The state will likely file a motion to dismiss, arguing either that the court lacks jurisdiction, that plaintiffs lack standing to sue, or that the complaint fails to state a claim. Attorneys could argue the legal shield that normally protects states from being sued bars suits against officials, though plaintiffs can overcome this defense by suing to make officials stop the unconstitutional actions.

If the district court denies any motion to dismiss, the case would proceed to discovery. The union would likely seek internal TEA communications about the Kirk post policy, records of individual investigations, and evidence of how the agency has handled other cases of educator speech.

The case could be resolved when a judge can decide the case without a trial if everyone agrees on the facts, or proceed to trial if factual disputes remain about issues like whether posts caused workplace disruption. Either way, appeals are likely. The case could potentially reach the federal appeals court that covers Texas and conceivably the Supreme Court if it raises novel First Amendment questions about public employee social media speech.

No trial date has been set.

Current Status and Broader Implications

For now, 95 investigations remain open. Thousands of teachers continue their work uncertain about what political commentary might cost them their jobs.

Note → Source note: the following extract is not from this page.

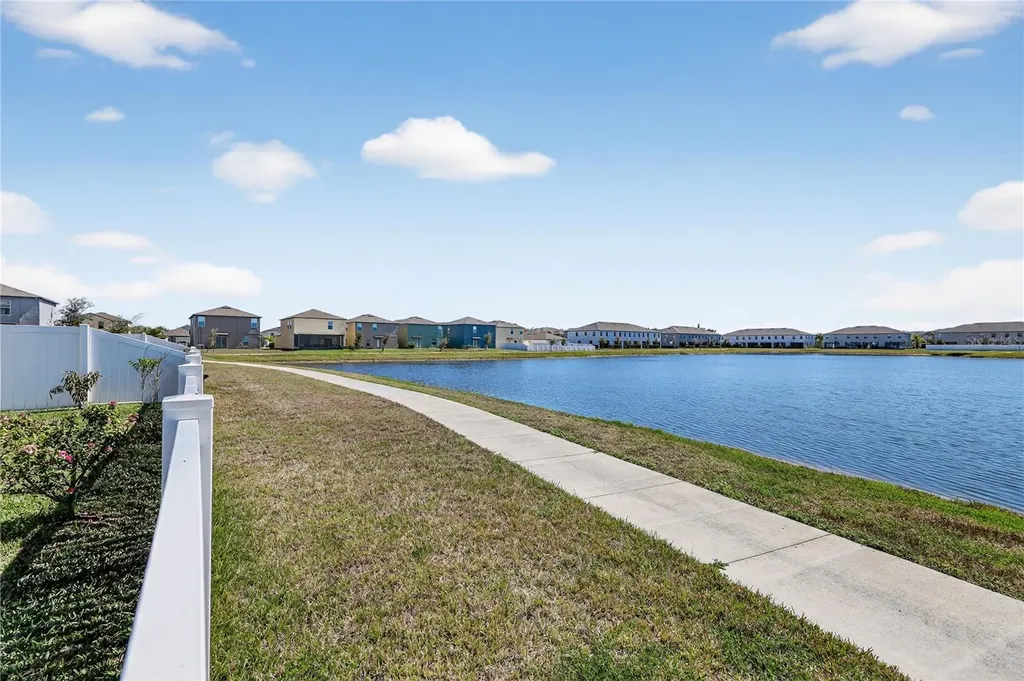 416 Royal Empress Drive Ruskin FL 33570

“We’re not talking about in this case what happened in classrooms,” one union leader emphasized. “We’re talking about school teachers when they were not in classrooms, in private on their own social media, commenting on a matter that everyone in the country and the world saw.”

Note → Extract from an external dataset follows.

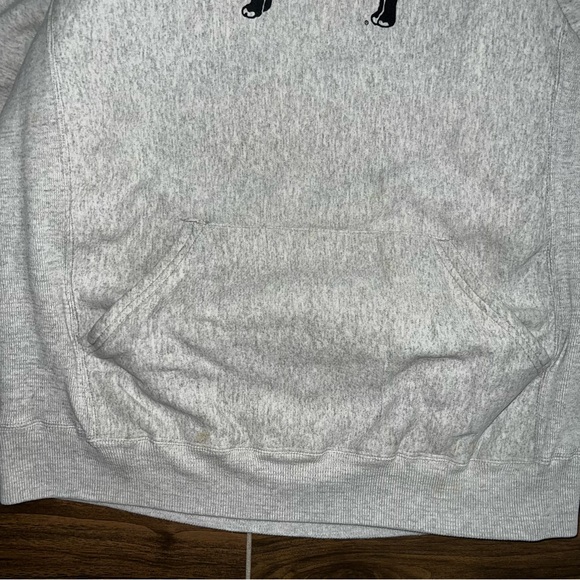 Vintage The Black Dog Martha’s Vineyard Grey Heavyweight Distressed Hoodie - Picture 6 of 7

Whether courts decide this difference matters legally will help define the boundaries of free speech for public employees in the digital age.

Conservative commentators and activists argued that educators who mocked Kirk’s death demonstrated unfitness to teach and should be removed from classrooms. They contended that parents have a legitimate interest in ensuring their children aren’t taught by individuals who celebrate political violence, regardless of technical First Amendment boundaries. Some emphasized that Kirk himself had been a strong advocate for free speech on college campuses, making educators’ reactions particularly hypocritical.

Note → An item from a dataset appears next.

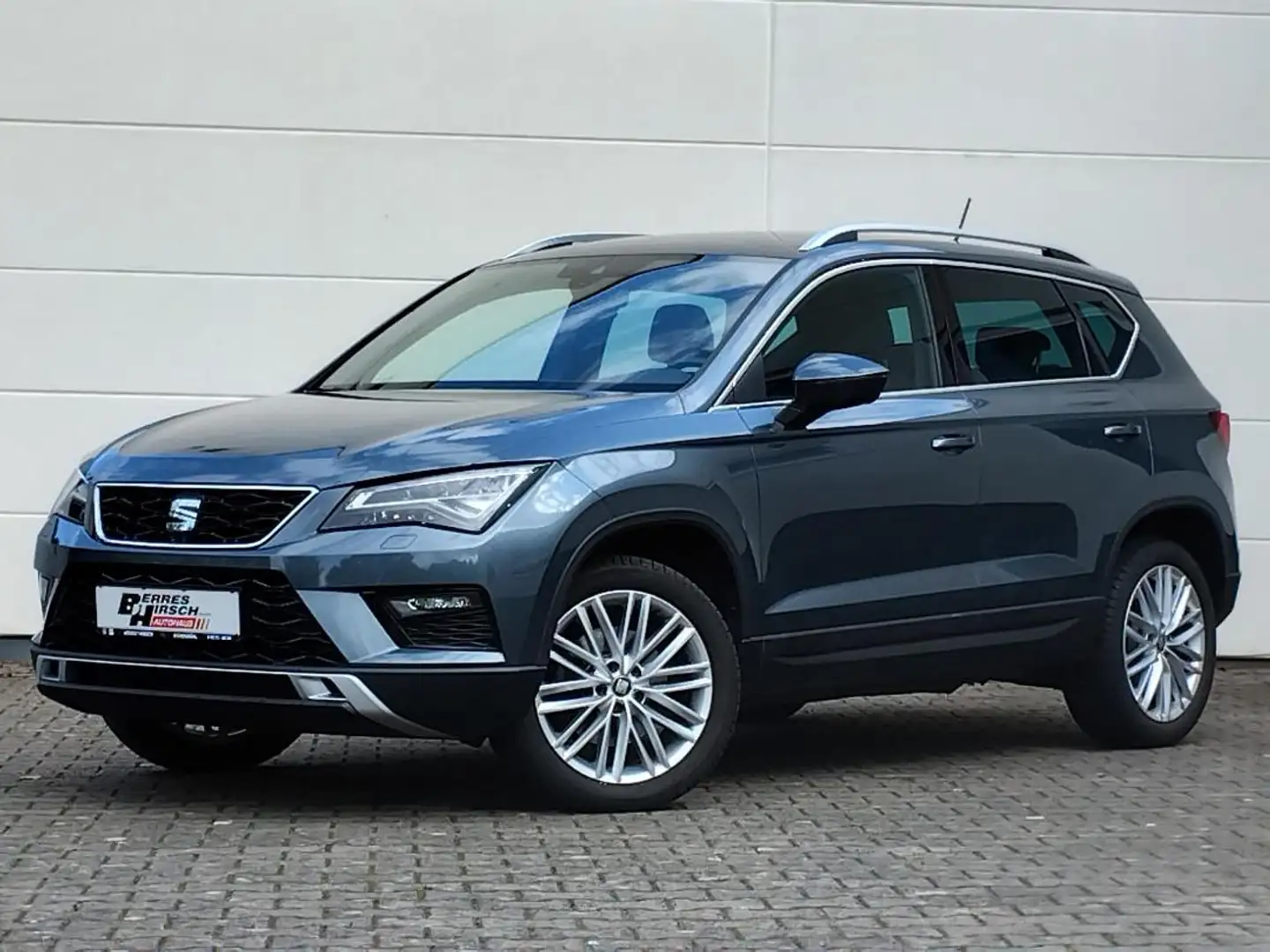 SEAT Ateca XCELLENCE Grau - 1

Teachers do serve as role models. Professional standards matter. And celebrating anyone’s murder—even a polarizing political figure—is disturbing behavior that raises questions about judgment and character.

But for a state that prides itself on limited government and individual liberty, this case tests consistency. If a government agency can’t clearly define what’s punishable beyond “reprehensible,” it risks drifting from discipline into viewpoint control.

The vagueness of Morath’s directive—combined with the lack of investigations after Minnesota lawmakers’ assassinations—suggests this wasn’t about maintaining professional standards or preventing incitement to violence. It was about punishing speech that criticized a conservative political figure.

Once you accept that government employers can discipline workers based on subjective disapproval of their political views expressed on personal time, without demonstrating workplace harm, you’ve created a tool that can be wielded by any administration against any viewpoint. Today it’s teachers critical of Charlie Kirk. Tomorrow it could be teachers critical of whoever holds power next.

“Somewhere and somehow, our State’s leaders lost their way,” Texas AFT President Capo said at the lawsuit announcement. “A few well-placed politicians and bureaucrats think it is good for their careers to trample on Educators’ Free Speech Rights.”

The lawsuit has already generated substantial media attention and public debate, potentially causing other states considering similar investigations to reconsider or education officials to establish clearer policies with better procedural protections.

“You don’t lose your constitutional rights when you decide to become a teacher,” Weingarten argued. “The Constitution, for it to have any meaning at all, has to work for all Americans, not just some.”